Fox News floundered in the ratings among 25- to 54-year-olds last week on the heels of a record-setting first quarter as audiences within the coveted age range tuned to the competition for prime-time cable news coverage.

More viewers between the ages of 25 and 54 watched MSNBC during the 8 to 11 p.m time slot Monday through Friday last week than CNN or Fox News, Nielsen Research said Monday, as reported by AdWeek — about 611,000 average nightly viewers compared to CNN’s 589,000 and Fox’s 497,000.

The latest numbers mark the best week for MSNBC’s prime-time programming in its 21-year history with respect to audiences in the age range most important to advertisers.
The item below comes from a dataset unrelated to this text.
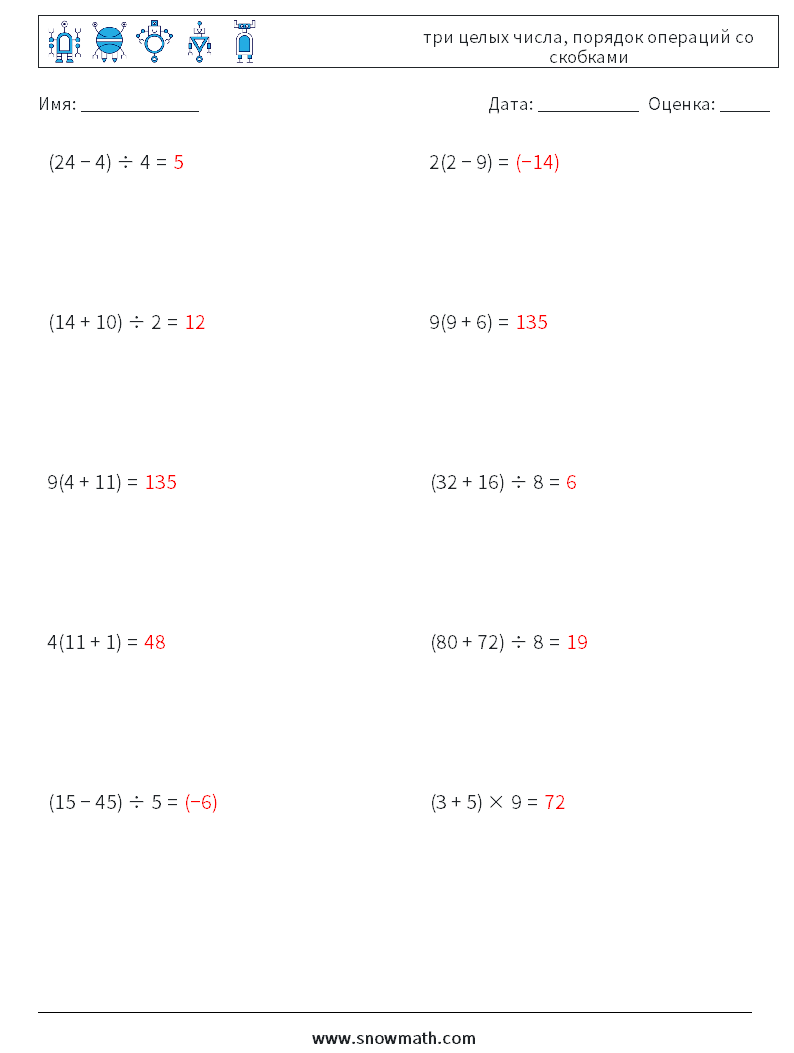 (10) три целых числа, порядок операций со скобками Рабочие листы по математике 17 Вопрос, ответ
Fox News, meanwhile, finished in third place in that category five consecutive days for the first time since June 2000, AdWeek reported.

Despite placing third in prime-time among 25- to 54-year-olds, Fox News still bested both MSNBC and CNN in terms of total viewership last week: Fox News attracted an average of 2.209 million daily viewers last week, compared to 1.857 million for MSNBC and 1.426 million for CNN.

In March, Fox News boasted the highest-rated quarter in cable news history after drawing in an average of 1.72 million daytime viewers and a nightly prime-time audience of about 2.89 million. Scandals have since befallen Fox News and its anchors, however, resulting in a recent prime-time revamping potentially to blame for the latest lackluster ratings.

Fox News fired longtime anchor Bill O’Reilly last month amid a series of sexual harassment allegations and subsequently shuffled fellow conservative pundit Tucker Carlson into the 8 p.m. time slot previously held by “The O’Reilly Factor.”

Fox has also moved “The Five” from 5 to 9 p.m., putting the program and its rotating cast of co-hosts head-to-head with MSNBC’s wildly successful “The Rachel Maddow Show,” last week’s most-watched cable news show with an average audience of 2.9 million viewers, according to Nielsen data.

Fox News host Sean Hannity, meanwhile, attracted controversy in his own right this month for repeatedly peddling a conspiracy theory involving the death of Seth Rich, a slain Democratic National Convention staffer who was murdered last year in Washington, D.C.

Fox News retracted an article about Rich from its website Tuesday amid complaints from the victim’s family, and Mr. Hannity announced hours later that he will no longer discuss the murder “out of respect for the family’s wishes — for now.”